Reply from Hugh Hemmings, EiC of British Journal of Anesthesiology
“We are currently reviewing the study by Carlisle and the data in question to determine our course of action. While concerning, there are no allegations of fraud, so we will have to carefully review the data before proceeding”.
Reply from Hilary Grocott, Editor-in-chief Canadian Journal of Anesthesia
“We take this matter very seriously and intend to investigate”.
Reply from Andrew Klein, editor in chief of Anaesthesia:
“Our journal, Anaesthesia, intends to contact the authors of the trials identified by this study, so that we can discuss with them any errors or issues with the published data in line with COPE guidance.

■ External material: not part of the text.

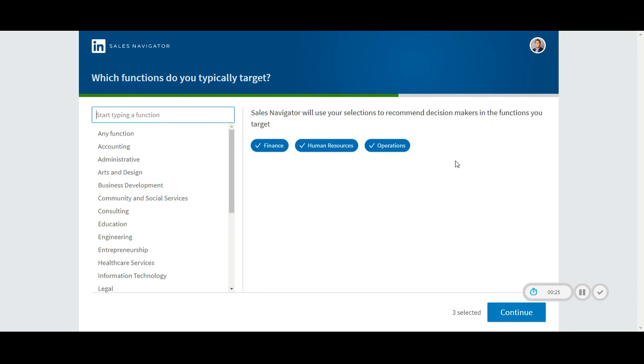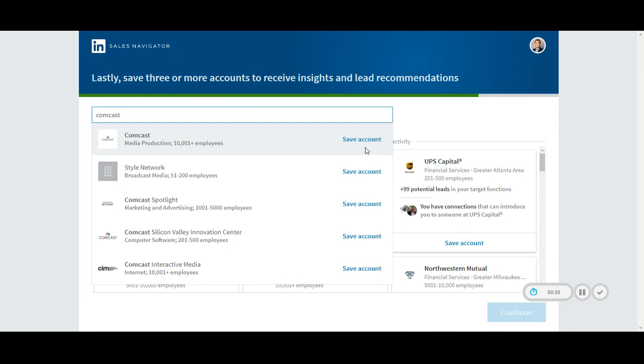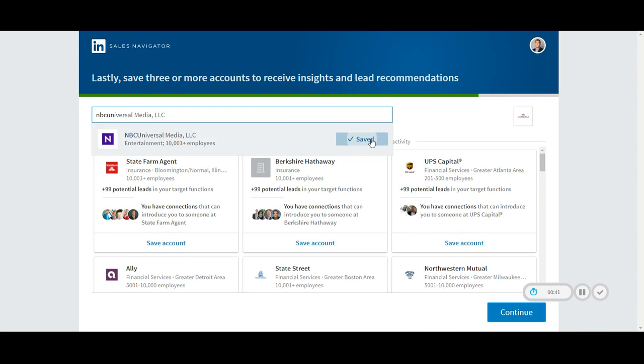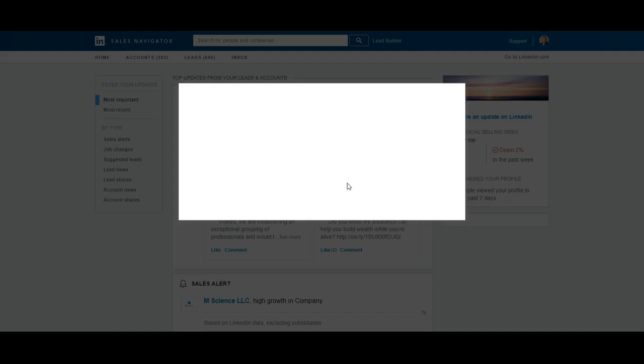Last, save three or more accounts. If Comcast were my account, I would search for Comcast and any subsidiaries like NBCUniversal. Select three accounts, hit continue, and just like that you're done.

The six Editors-in-Chief of the anaesthetic journals all met together yesterday (05 June 2017) to discuss the Carlisle paper and their approach following its publication, and we will be following up with them individually and as a group over the next few weeks and months.

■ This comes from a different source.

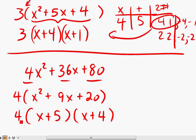The 4 stays outside, and that's how you factor these semi-difficult trinomials. Thank you for watching.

I have received further emails from the NEJM and JAMA following the publication of the article and will also keep in touch with them both. I cannot comment as to what each Editor-in-Chief chooses to do and how exactly they will proceed as I do not know – I have explained to you our intentions at Anaesthesia. However, be assured I will be following this up, as above. I would point out the accompanying editorial to the Carlisle paper in our journal (Widening the search for suspect data – is the flood of retractions about to become a tsunami?) which discusses how journals may proceed further.”
Reply from Evan Kharasch, Editor-in-Chief Anesthesiology:
“Upon my return we will be evaluating and analyzing the article by Dr. Carlisle, and those articles published by Anesthesiology cited therein, to determine if there were any issues and whether any actions are indicated”.
Reply (after a reminder) from Jean-Francois Pittet, Editor-in-Chief Anesthesia and Analgesia:
“We will be evaluating and analyzing the methodology and findings of Dr. Carlisle, and specifically, those articles that were published by Anesthesia & Analgesia and cited therein, to determine if there are any issues and whether any actions are indicated”.